• _Your objective_:
Taking the line with "Hi again, it's" as the first and the last line of the listing as the final one, please copy exactly those lines and no others, without pictures.

• _Source material_:

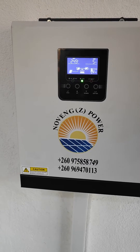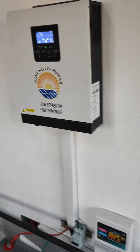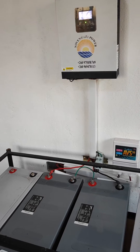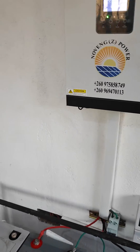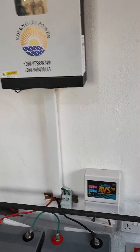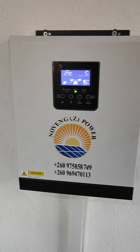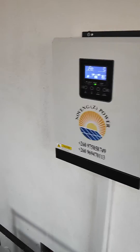This is our 3KVA inverter, connected with two batteries at 250AH, which is 250AH 24V. We also have input of the generator — a standby generator — which will protect our inverter with the AVS-13. This system powers the house, and we have solar panels to a maximum power of 1,200 watts.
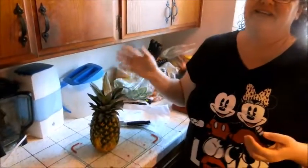Hi again, it's mom. Rob and I are having pork chops tonight, and nothing goes better with pork chops than fresh pineapple. So I'm going to show you how to grill a fresh pineapple.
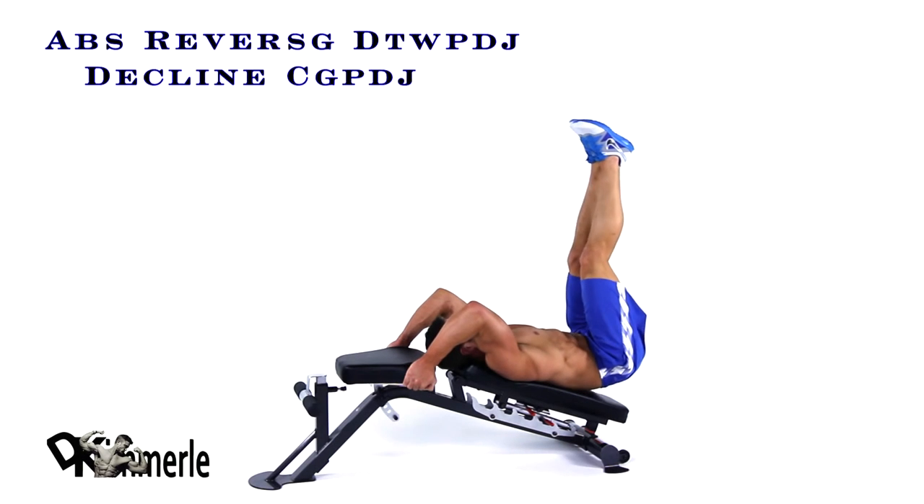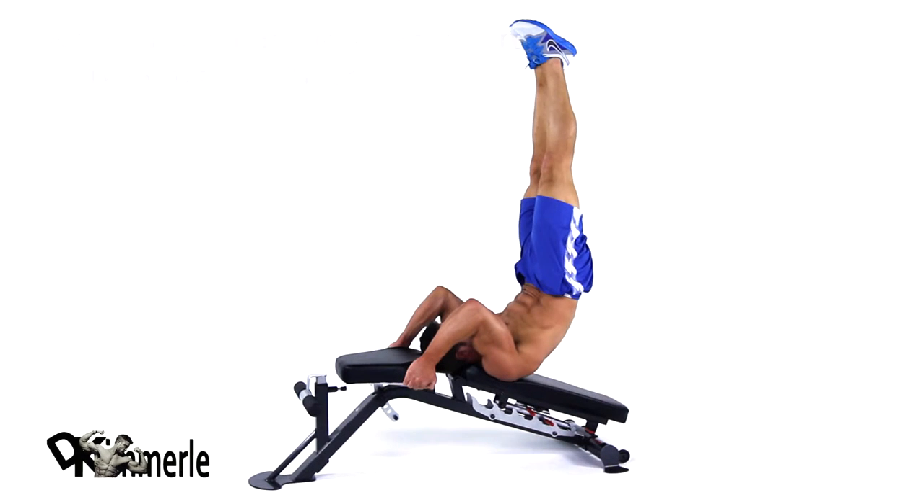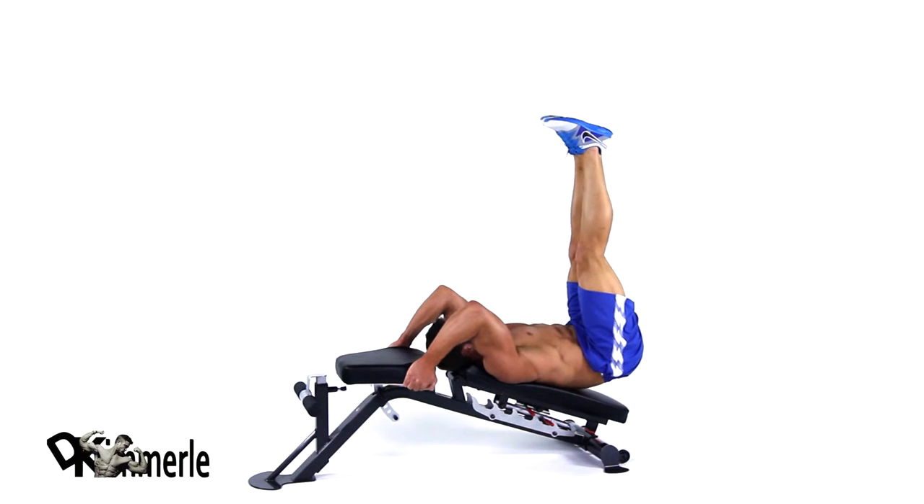Holding each side of the bench, bend your knees slightly. In a smooth motion, lift your hips up off the bench, pause, then return to the starting position.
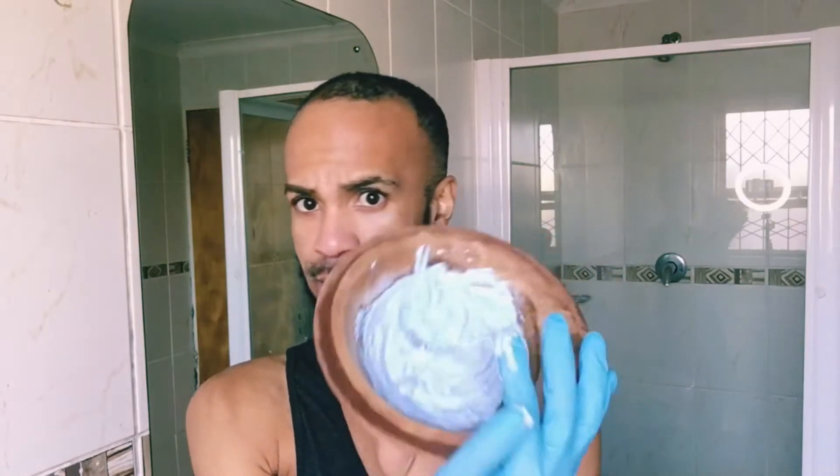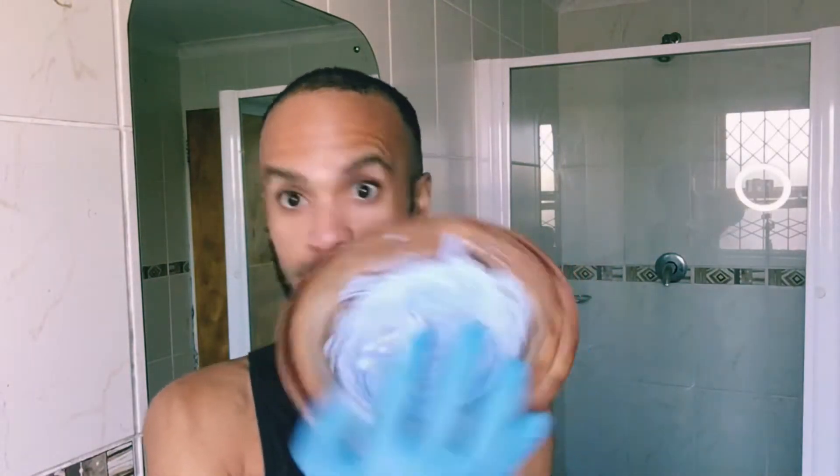For my hair, I'm going to be using this product here — it's nothing fancy, I just got it from my local supermarket. My hair's growing anyway so I'm going to cut it next week. But guys, if you're dying your hair, it's very important to protect your hands. I've already gone ahead and pre-mixed my dye to save time, and I've got a comb.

• _Response_:
Hi again, it's mom. Rob and I are having pork chops tonight, and nothing goes better with pork chops than fresh pineapple. So I'm going to show you how to grill a fresh pineapple.
Holding each side of the bench, bend your knees slightly. In a smooth motion, lift your hips up off the bench, pause, then return to the starting position.
For my hair, I'm going to be using this product here — it's nothing fancy, I just got it from my local supermarket. My hair's growing anyway so I'm going to cut it next week. But guys, if you're dying your hair, it's very important to protect your hands. I've already gone ahead and pre-mixed my dye to save time, and I've got a comb.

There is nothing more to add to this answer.